What We Learned About Offshore Drilling from the BP Oil Spill
Over five years have past since BP’s catastrophic oil spill in the gulf of Mexico. The spill was not only the failure of British Petroleum but the regulatory bodies that oversaw the offshore drilling operations.
In April of 2010, the Deepwater Horizon oil rig exploded in the Gulf of Mexico killing 11 people and forcing millions of barrels of oil into the ocean. For 87 days, the rig filled the ocean with oil; killing marine life and soiling more than a thousand miles of coast from Texas to Florida.
The spill, approximately 3.19 million barrels of oil, has completely changed how the federal government regulates offshore drilling. Barack Obama’s administration has proposed a series of regulations to the prevent any similar disasters from happening in the future.

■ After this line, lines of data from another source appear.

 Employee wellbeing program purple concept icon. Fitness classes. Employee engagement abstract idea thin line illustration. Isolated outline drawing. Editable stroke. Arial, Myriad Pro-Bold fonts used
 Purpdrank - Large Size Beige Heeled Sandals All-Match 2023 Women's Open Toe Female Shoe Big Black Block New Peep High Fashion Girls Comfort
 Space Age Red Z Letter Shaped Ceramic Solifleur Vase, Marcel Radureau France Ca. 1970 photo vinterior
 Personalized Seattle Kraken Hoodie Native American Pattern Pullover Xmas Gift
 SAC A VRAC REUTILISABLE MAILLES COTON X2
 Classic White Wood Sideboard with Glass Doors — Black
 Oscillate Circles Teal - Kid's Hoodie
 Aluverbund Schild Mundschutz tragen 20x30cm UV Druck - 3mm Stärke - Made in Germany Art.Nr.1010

These new rules would require improved technology to better seal well ruptures. Others involve more rigorous safety tests by inspectors.
When the Deepwater Horizon exploded the biggest issue wasn’t the explosion itself but massive task of resealing the massive crater that resulted. If you can remember, BP and government tried a cavalcade of different solutions to the problem including stuffing garbage and golfballs into the role in an attempt to halt the spill. After 87 days the spill was stopped and the legal battles began.
In the end BP was found responsible and reached a $4.5 Billion criminal settlement with the Justice Department and paid $14 billion for cleanup.
The new proposed regulations would work most closely to improve the technology used to stop the seal. Particularly new and improved blowout preventers will be used as they are the last line of defense against major oil spills. The preventer is a five-story collection of valves and blades including an emergency hydraulic device with two sharp cutting blades called a blind shear ram, which are used to cut and seal the drill pipe, stopping a blowout.
Additional to the newer technology, regulators hope to increase the number of offshore drilling inspectors from 55 to 92, to improve safety.
All in all, these new rules should allow companies like BP to continue their offshore drilling operations while avoiding another catastrophic disaster like the Deepwater Horizon.